Parker: I don’t think it’s something we learnt that’s new but it’s a reinforcement of the fact that you’ve got to watch your cost base. It’s no good being profitable when everything’s in good shape and the industry is growing 10-15-20%. And, quite frankly anybody can make money in those environments. With your cost base you need to be in a position so that when things get tough you can still be eking out a profit. So I think it just reinforced for us the urgent need to reinforce that your cost base is reduced.

How much have you cut costs by?

Parker: Around the region, for instance, we’ve cut 30-40% of our fixed marketing costs...a lot of that through efficiency, not by reducing our communication with the customer. We’re operating as one region. For instance, in ASEAN (Association of Southeast Asian Nations), we’ve had five or six countries all developing independent ads. (That) doesn’t happen anymore. We develop it once for all of those countries.

For Fiesta that was launched in Australia and South Africa we used the same material that Europe was using. We’ve also had to be very careful on our salaried personnel and overall costs. We’ve taken about a 25% reduction all around the region and in some places it’s as high as 40% in some of the more expensive markets that have been more affected by the downturn.

That (the salary cut) would be only for senior management?

Parker: From senior management all the way through the ranks including workers.

What about India?

Boneham: Here we haven’t had any specific redundancy programme but what we’ve done is put a freeze on hiring. We’ve communicated this previously. Obviously, there’s attrition that occurs. So, what we do then is structure the business and do the organization structure so that we can operate with lesser number of people… A lot of times, as John said, when things are going well, you’re not focusing on that base. There are things that perhaps creep in that perhaps are not as efficient as they should be.
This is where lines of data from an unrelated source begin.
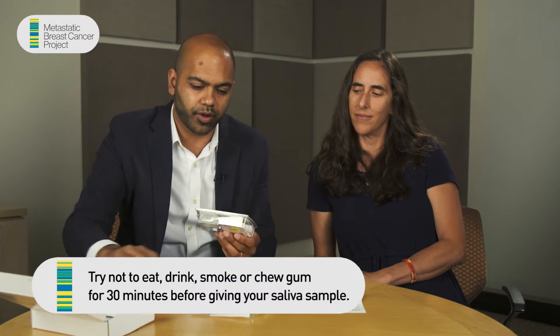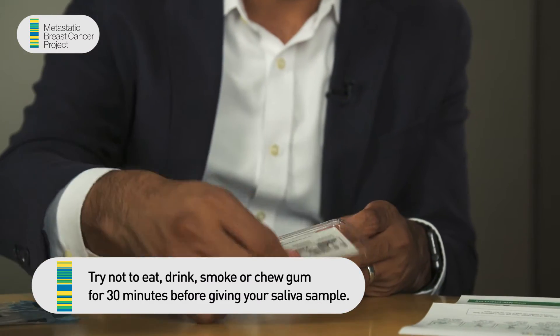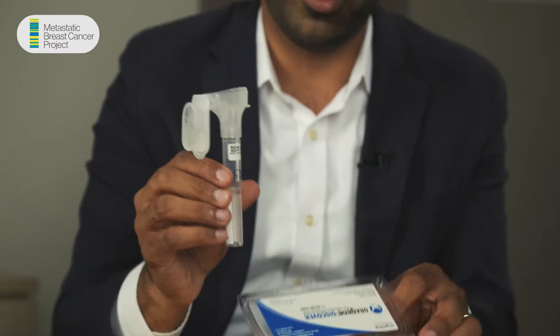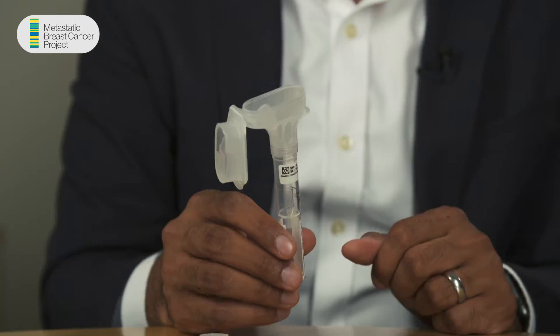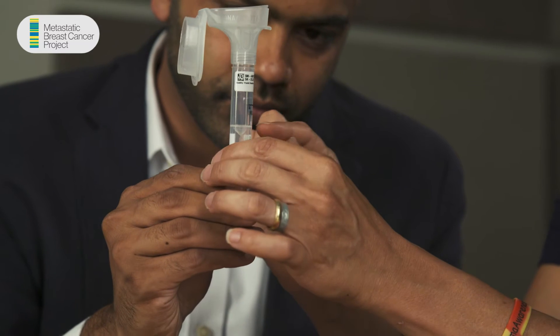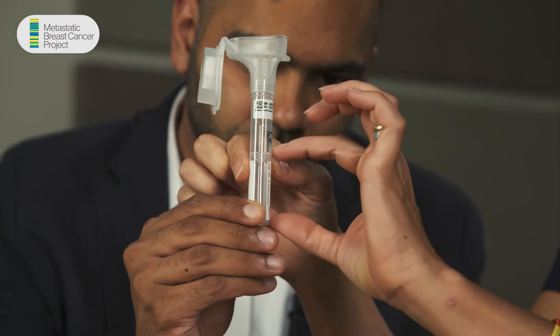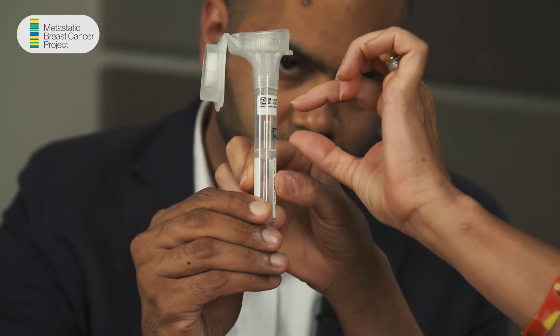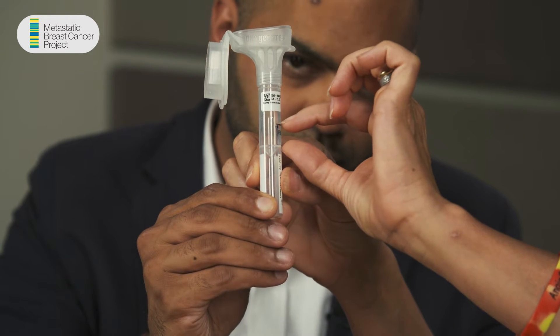Also inside the box is this bag and the kit itself. I'm going to open up the kit, and inside you'll find this funnel. Step one says to spit until the amount of saliva reaches the fill line. Do I have to fill up this whole thing? No — see right here is the bottom of the actual tube. It's very long so that it can fit onto a machine, but the actual part you're spitting into is only from here to this fill line right here.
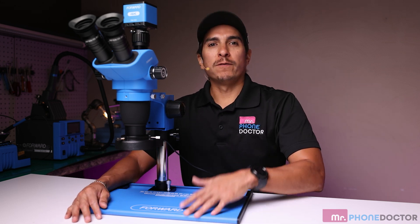Hey everyone, welcome back to Mr. Phone Doctor and Smart Tech Solutions. Today we're going to take an in-depth look at two incredible pieces of equipment, the Forward Microscope 6565 Pro Max T and the 4K microscope camera. Let's dive into their features and pricing.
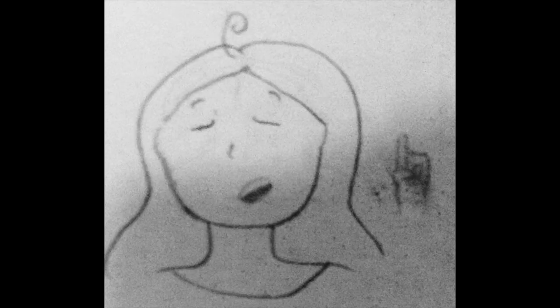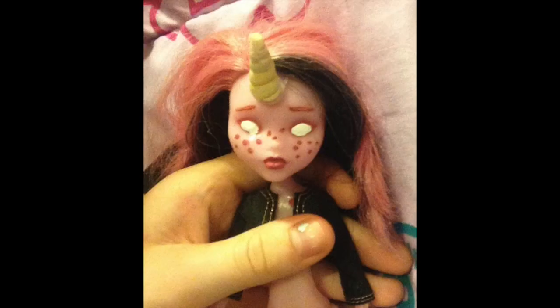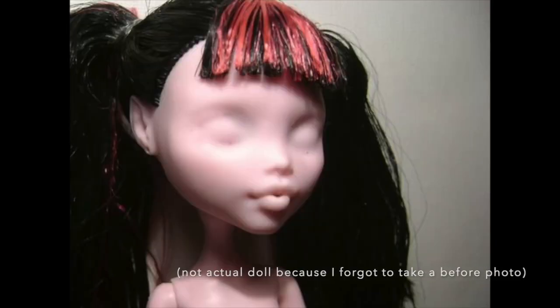Before you ask, yes, I've done this before, and no, that experience has not changed my approach in terms of utter cluelessness. Here's my most recent face-up, and here's the doll I'll be working on now.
India is seen as a good base in terms of talent and capability at reasonable costs and so some things that were done in the region previously are now done in India–some engineering work, some of our material planning and logistics activity for the region is being run out of India.

Could you explain by how much you’ve cut costs in India?

Boneham: We don’t share specific country-by-country numbers. You can be very sure that we’ve cut our cost base significantly. Also here in India, we’ve really hammered in on the cash element because we’re the biggest spender in the region basically other than a couple of others like China. We’ve looked at the use of our cash and our investment efficiency and we’ve found ways to significantly reduce our cash requirement. One of the things we’ve done is match our inventory and production requirements. Previously we would have had, say, up to 30-40 days of supply of vehicles that’s been reduced 60-70%. Our pipeline of vehicles has leaned out significantly and that obviously saves us a significant level of cash. And we’ve looked at our investment as well and found ways and negotiated hard with vendors and so on.

You are making money in India?

Boneham: We’re cash-positive. We’re investing a huge amount of money and we don’t have the volume to pay for that investment at the moment. We plan to in the years to come (referring to making use of their installed capacity).

Ford has big plans for its small car. What kind of numbers are you looking at?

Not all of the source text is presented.